人の良さそうな笑顔で見守るおじさんに、ぺこりと頭を下げた。
「こんにちは」
「はい、こんにちは。今日は格好良いお兄さんと一緒にお出かけかい?」
「はい。兄さんがお友達に会いに行くって言うから、無理を言ってついてきてしまったんです。兄さん、忙しくて滅多に会えないから、たまには一緒にのんびりしたくて」
お兄ちゃん大好きな妹を演じているつもりだったが、最早、何処までが演技で、何処からが本音か自分でも分からない。

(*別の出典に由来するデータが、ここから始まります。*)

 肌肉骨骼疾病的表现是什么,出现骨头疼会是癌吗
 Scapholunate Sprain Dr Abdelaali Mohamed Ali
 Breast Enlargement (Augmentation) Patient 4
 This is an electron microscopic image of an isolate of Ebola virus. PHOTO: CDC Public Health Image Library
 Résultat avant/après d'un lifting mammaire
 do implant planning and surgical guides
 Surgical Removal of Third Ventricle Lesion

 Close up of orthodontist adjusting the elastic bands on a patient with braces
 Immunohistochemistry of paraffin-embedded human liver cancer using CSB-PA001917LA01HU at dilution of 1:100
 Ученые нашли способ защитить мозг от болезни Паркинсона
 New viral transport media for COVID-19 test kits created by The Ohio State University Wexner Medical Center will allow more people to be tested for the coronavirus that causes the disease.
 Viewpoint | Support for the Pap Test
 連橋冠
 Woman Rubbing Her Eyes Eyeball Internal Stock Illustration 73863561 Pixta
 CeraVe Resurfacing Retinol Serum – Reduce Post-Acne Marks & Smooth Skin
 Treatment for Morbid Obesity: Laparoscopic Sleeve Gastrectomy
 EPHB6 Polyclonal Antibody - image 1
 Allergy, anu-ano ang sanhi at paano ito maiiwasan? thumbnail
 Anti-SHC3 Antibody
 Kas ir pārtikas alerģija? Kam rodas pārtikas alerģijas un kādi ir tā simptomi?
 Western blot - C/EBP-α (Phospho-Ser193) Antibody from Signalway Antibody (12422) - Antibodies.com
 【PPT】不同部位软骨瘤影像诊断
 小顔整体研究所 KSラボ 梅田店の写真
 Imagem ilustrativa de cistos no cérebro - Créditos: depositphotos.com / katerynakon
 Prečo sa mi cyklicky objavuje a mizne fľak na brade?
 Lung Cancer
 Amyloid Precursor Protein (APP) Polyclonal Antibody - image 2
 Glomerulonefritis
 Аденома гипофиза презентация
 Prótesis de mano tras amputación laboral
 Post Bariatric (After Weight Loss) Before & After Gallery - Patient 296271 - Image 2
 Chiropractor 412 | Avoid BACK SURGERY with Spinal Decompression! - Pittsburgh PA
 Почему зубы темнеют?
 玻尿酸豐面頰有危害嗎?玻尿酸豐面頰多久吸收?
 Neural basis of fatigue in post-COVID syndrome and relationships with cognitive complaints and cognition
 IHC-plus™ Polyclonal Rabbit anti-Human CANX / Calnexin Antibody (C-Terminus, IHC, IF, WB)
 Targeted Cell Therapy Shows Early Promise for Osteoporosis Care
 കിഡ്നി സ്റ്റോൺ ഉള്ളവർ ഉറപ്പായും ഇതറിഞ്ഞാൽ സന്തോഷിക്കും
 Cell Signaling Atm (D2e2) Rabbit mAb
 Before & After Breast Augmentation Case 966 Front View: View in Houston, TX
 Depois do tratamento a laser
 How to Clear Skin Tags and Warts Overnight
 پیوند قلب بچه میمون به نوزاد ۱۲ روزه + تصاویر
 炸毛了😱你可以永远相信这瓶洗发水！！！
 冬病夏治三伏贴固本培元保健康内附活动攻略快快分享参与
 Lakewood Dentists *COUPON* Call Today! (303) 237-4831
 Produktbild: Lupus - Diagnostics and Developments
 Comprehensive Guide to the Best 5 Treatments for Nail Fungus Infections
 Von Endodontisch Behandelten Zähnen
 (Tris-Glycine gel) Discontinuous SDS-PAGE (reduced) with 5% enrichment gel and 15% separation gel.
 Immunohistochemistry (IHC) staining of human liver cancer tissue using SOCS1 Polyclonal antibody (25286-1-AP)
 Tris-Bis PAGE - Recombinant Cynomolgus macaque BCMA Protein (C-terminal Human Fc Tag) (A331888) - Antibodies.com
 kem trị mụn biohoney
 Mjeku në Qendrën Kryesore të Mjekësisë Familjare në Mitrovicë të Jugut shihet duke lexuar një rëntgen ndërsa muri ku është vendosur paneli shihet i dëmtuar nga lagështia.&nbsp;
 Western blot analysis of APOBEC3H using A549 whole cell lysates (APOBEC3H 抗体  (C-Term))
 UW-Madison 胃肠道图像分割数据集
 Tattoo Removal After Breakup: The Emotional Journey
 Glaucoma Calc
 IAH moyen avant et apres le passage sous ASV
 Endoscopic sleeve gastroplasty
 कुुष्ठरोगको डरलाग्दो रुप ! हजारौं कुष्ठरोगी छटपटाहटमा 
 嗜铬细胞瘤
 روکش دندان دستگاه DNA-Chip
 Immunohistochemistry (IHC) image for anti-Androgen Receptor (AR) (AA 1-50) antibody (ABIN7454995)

ちらりと見上げると、レオンハルト様は照れ笑いを浮かべながら私の頭を撫でてくれた。尊い。
わが人生に悔いなし。今日世界が終わっても良い……。
「こんな何もない田舎でよければ、ゆっくりしていってな」
「ありがとうございます、おじさま」
心の中でレオンハルト様を崇め奉りながら、猫かぶりな笑顔でお礼を言う。
「ところで、おじさま。私、古い建造物を見るのが好きなんです。……この辺りに神殿があるとお聞きしましたが、どの辺でしょうか?」
「神殿かい?」
パチクリと、おじさんは瞬きをした。
その後、何故か微妙な表情になる。
「ああ、あるにはあるがね……」
苦笑いを浮かべたおじさんは、背後を振り返る。
その表情の意味が分からずに戸惑う私とレオンハルト様は、彼の視線を辿った。
牧柵の向こう側、村の外れに建物が見える。
石灰岩らしきもので出来た石造りの建造物。しかし、私の見間違いでなければ、作り途中のようだ。
確かにアレ、神殿っぽいよね。
でも、ちょっと待って。探してもらっていたのは、村外れにある古びた神殿って条件だったはずなんだけど。
……もしかして?
嫌な予感がした私は、視線をおじさんに戻す。
「確かに古い神殿があったんだが、崩れかけてて危ないってんで、新しく建て直す事になったんだ。残念だったな、お嬢ちゃん」
唖然とした私を見て、おじさんは白髪交じりの髪を掻きながら、困ったように笑った。